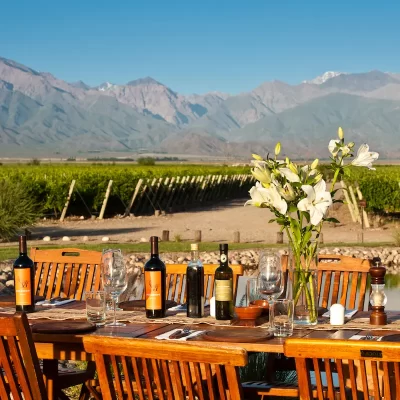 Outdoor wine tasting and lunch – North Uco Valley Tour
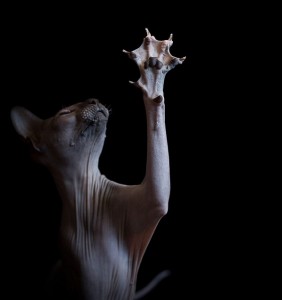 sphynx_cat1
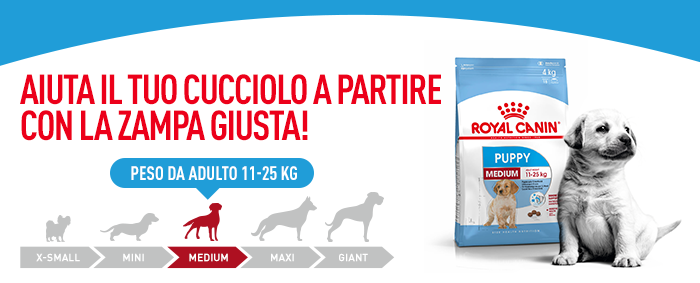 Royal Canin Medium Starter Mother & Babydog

...

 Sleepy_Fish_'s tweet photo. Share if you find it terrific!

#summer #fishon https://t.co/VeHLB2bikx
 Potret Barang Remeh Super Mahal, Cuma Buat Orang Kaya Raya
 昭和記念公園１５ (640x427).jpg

==

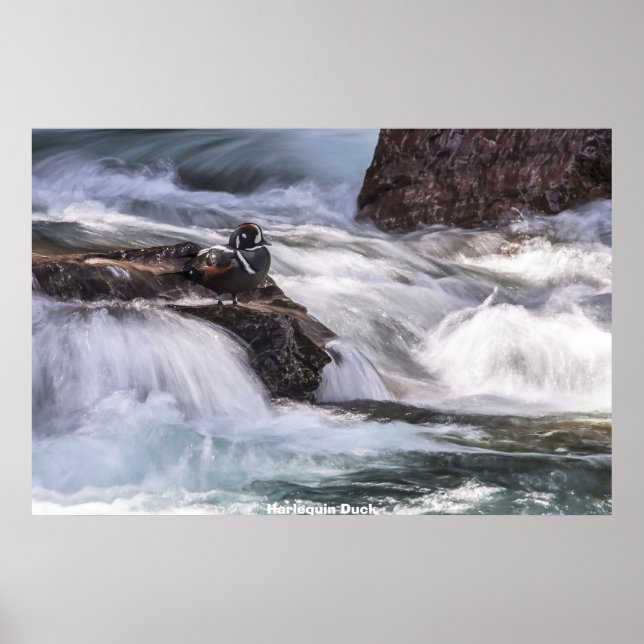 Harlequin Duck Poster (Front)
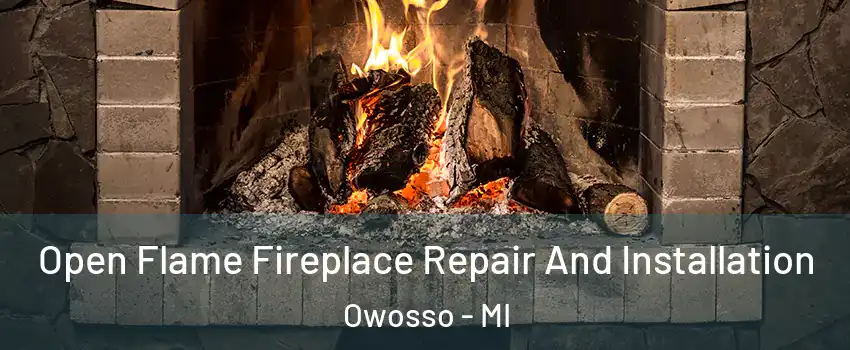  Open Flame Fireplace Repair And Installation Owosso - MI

== WORK TO BE COMPLETED ==
Excluding any pictures, print exactly the lines of the listing above from the line with "Harlequin Duck Poster (Front)" to the line with "Open Flame Fireplace", both ends included.

== RESULT BELOW ==
 Harlequin Duck Poster (Front)
  Open Flame Fireplace Repair And Installation Owosso - MI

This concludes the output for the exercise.